John Koleszar [Mon, 11 Apr 2011 17:05:08 +0000 (13:05 -0400)]
Bugfix for error accumulator stats
Previous to commit de4e9e3, there was an early return in the alt-ref
case that was inadvertantly removed when the function was refactored
to return void. This patch restores the prior behavior.
Yunqing Wang [Fri, 1 Apr 2011 20:41:58 +0000 (16:41 -0400)]
Use full-pixel MV in mvsadcost calculation
MV sad cost error is only used in full-pixel motion search,
which only need full-pixel resolution instead of quarter-pixel
resolution. This change reduced mvsadcost table size, and
removed unneccessary pamameter passing since this table is
constant once it is generated.
Johann [Thu, 31 Mar 2011 20:35:22 +0000 (16:35 -0400)]
support obj_int_extract on cygwin
cygwin doesn't support _sopen. drop down to the lowest common
denominator and merge main for all platforms. this also opens the door
for supporting multiple object formats with a single binary.
Tero Rintaluoma [Wed, 30 Mar 2011 10:45:59 +0000 (13:45 +0300)]
Wrapper function removed from vp8_subtract_b_neon function call
Address calculations moved from encodemb_arm.c file to neon
optimized assembly function to save cycles in function calls.
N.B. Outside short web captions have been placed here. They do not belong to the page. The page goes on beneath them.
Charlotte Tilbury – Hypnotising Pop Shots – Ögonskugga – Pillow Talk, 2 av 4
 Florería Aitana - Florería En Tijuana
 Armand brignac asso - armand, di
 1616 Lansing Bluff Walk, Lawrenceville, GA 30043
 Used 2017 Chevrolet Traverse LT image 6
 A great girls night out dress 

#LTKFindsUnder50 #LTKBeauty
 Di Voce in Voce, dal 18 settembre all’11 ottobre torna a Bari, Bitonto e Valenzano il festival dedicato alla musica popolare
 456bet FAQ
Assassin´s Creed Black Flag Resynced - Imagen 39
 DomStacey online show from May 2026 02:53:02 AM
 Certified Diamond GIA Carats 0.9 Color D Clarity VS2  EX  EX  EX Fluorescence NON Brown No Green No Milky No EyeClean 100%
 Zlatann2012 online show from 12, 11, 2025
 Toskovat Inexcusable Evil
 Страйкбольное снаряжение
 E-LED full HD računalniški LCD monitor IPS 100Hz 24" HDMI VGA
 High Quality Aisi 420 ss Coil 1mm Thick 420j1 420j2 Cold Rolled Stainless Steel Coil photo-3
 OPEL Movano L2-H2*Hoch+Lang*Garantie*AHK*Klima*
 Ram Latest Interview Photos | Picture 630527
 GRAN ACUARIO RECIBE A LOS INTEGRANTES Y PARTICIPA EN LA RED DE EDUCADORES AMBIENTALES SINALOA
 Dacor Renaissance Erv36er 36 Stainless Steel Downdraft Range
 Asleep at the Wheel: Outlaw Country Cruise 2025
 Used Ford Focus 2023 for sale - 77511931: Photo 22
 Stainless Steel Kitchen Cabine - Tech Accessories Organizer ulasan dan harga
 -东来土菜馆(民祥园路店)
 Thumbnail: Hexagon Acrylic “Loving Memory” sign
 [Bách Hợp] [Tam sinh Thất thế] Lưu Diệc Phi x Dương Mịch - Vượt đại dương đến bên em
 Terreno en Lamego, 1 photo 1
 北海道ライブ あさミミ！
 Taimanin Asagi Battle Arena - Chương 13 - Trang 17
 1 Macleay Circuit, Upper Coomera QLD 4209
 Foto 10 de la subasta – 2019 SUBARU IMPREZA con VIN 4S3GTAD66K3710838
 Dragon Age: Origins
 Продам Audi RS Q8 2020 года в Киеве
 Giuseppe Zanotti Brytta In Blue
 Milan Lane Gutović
- vp8_subtract_b_neon_func replaced with vp8_subtract_b_neon
that contains all needed address calculations
- unnecessary file encodemb_arm.c removed
- consistent with ARMv6 optimized version
Ralph Giles [Mon, 28 Mar 2011 19:04:51 +0000 (12:04 -0700)]
Generate a vpx.pc file for pkg-config.
Rules are added to libs.mk to generate a vpx.pc, which is
installed as pkgconfig/vpx.pc under the target library directory.
This also requires the install path prefix be exported directly
in config.mk.
Some systems use a tool called pkg-config to query information
about intalled libraries or other resources, based on database
files provided by the packages themselves at install time.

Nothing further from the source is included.